In September, industrial profits in China rose by 21.6% compared to the same month last year, as reported by the National Bureau of Statistics on Monday, indicating that Beijing’s initiative to tackle price wars alleviated pressure on manufacturers despite ongoing trade tensions with the U.S.
This significant increase, following a robust recovery that commenced in August when industrial profits surged 20.4% year-on-year, represented the largest advancement since November 2023.
During the first three quarters of the year, significant industrial firms saw a profit increase of 3.2%, according to official figures, which is an acceleration from a 0.9% gain in the period from January to August.

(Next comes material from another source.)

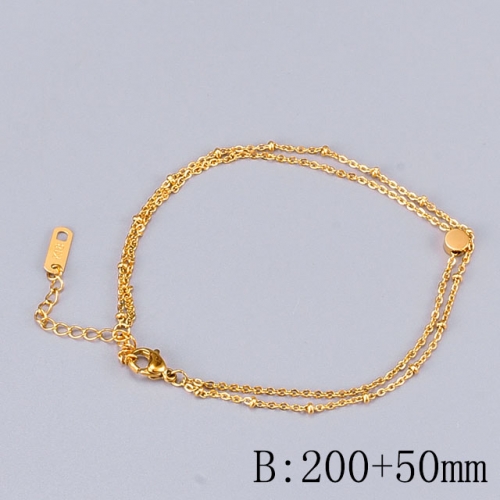 BC Wholesale Fashion Bracelets Jewelry Stainless Steel 316L Bracelets NO.#SJ63BA12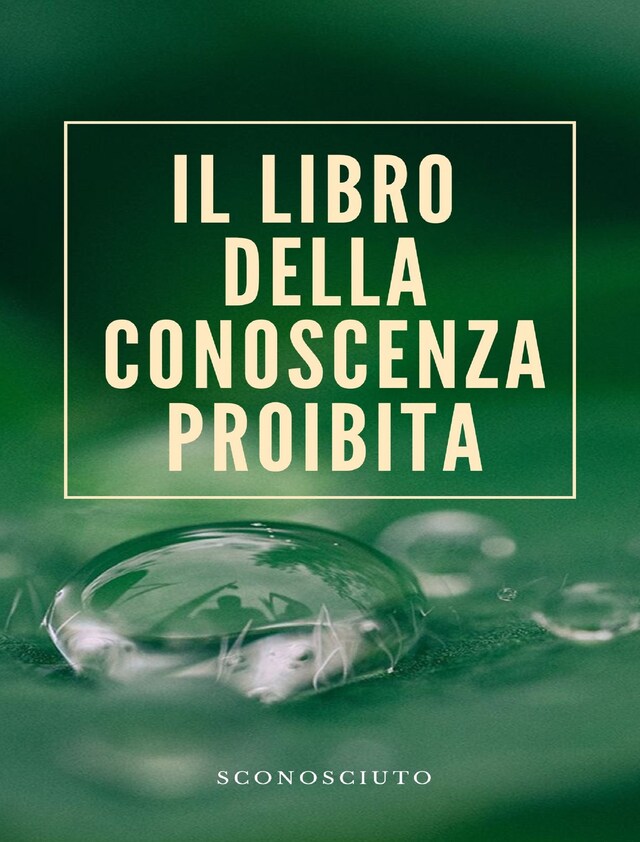 Book cover for Il libro della conoscenza proibita (tradotto)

The recovery in corporate profits was primarily supported by Beijing’s measures aimed at reducing intense price competition across industrial areas, as deflation in producer prices entered its third year.
In September, China’s consumer prices decreased more than anticipated, dropping 0.3% compared to the previous year, while the producer price index fell by 2.3%.
In the January to September timeframe, profits within the manufacturing sector rose 9.9% from a year prior, and revenues from electricity, heating, fuel, and water supply firms increased by 10.3%. Conversely, the mining industry experienced a profit decline of 29.3%.
Yu Weining, NBS’s chief statistician, indicated that high-tech manufacturing significantly contributed to broader profit growth, with earnings in this sector soaring by 26.8% in September.
Among industrial companies, state-owned enterprises saw a profit decrease of 0.3%, whereas foreign industrial firms—including those with investment from Hong Kong, Macau, and Taiwan—enjoyed a 4.9% profit increase, and private firms experienced a 5.1% increase.
Chinese manufacturers have managed to navigate unpredictable trade policies with the U.S. and lukewarm consumer confidence domestically as the world’s second-largest economy faced a prolonged downturn in housing, a weak labor market, and mounting challenges regarding exports.
Despite the resilience in the country’s overall exports this year, analysts predict that trade growth will decelerate in the last quarter, partly due to last year’s elevated base.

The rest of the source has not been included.